Menurut penuturannya, orang-orang itu juga mengambil teripang secara berlebihan dan memburu penyu serta mengambil telurnya.
Mirisnya, Fer dan masyarakat Desa Sotimori-lah yang harus menelan pil pahit akibat ulah orang-orang tersebut. Karena laut rusak, masyarakat desa tidak punya tempat untuk budidaya rumput laut dan kesulitan untuk mencari ikan.
“Laut untuk tempat budidaya rumput laut jadi rusak. Ikan-ikan juga jadi susah dicari, harus pergi ke tempat yang jauh baru dapat. Teripang juga begitu, susah kami dapat,” ujarnya.
Kabar baiknya, setelah dibentuk manaholo, lingkungan laut di Desa Sotimori mulai membaik. Masyarakat tidak terlalu kesulitan mencari ikan dan bisa menikmati hasil budidaya rumput laut.
Sayangnya, kinerja para penjaga laut ini belum bisa maksimal. Salah satunya karena tak dibarengi fasilitas yang cukup. Kapal cepat dan peralatan lain yang dibutuhkan dalam menjalankan fungsi pengawasan tidak tersedia. Apalagi, jika harus berhadapan dengan kapal-kapal nakal bermesin besar milik nelayan luar.
“Mereka tangkap banyak ikan pakai kapal mesin besar, kita jarang yang punya kapal mesin, hanya pakai sampan.

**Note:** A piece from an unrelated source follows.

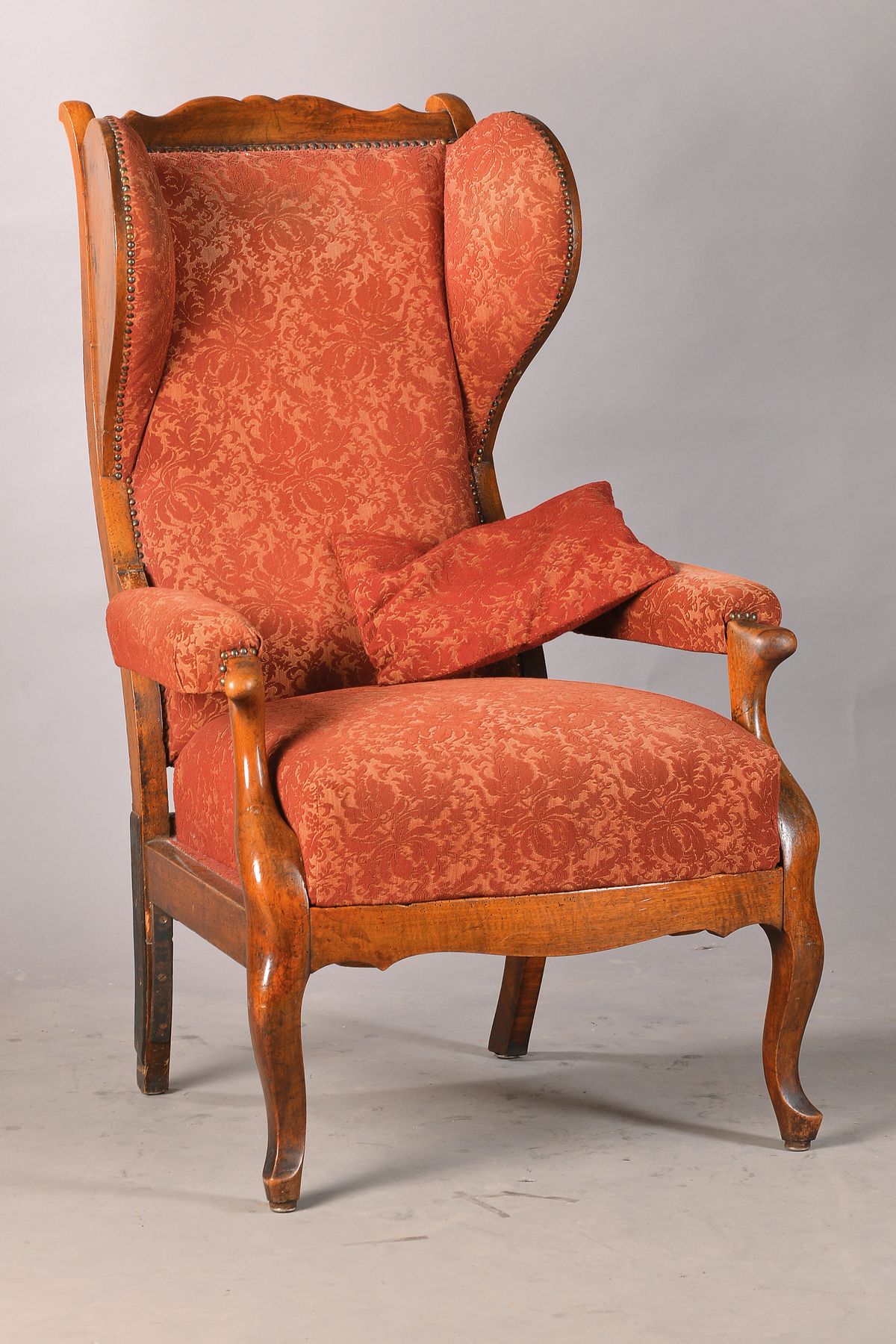 Ohrenbackensessel, südwestdeutsch, wohl Mainz, um 1820/30, Nussbaum massiv u. furniert, allseitig geschweifte Form, in sich gewölbte Rückenlehne, ...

Kita baru mau kejar, mereka sudah kabur duluan,” jelas Fer.
Meski mengalami kesulitan, tekadnya untuk menjaga laut tidak sirna. Dukungan dari pemerintah maupun LSM untuk manaholo ia harapkan demi keamanan dan kelestarian laut, khususnya di wilayah Sotimori, Nusak Landu.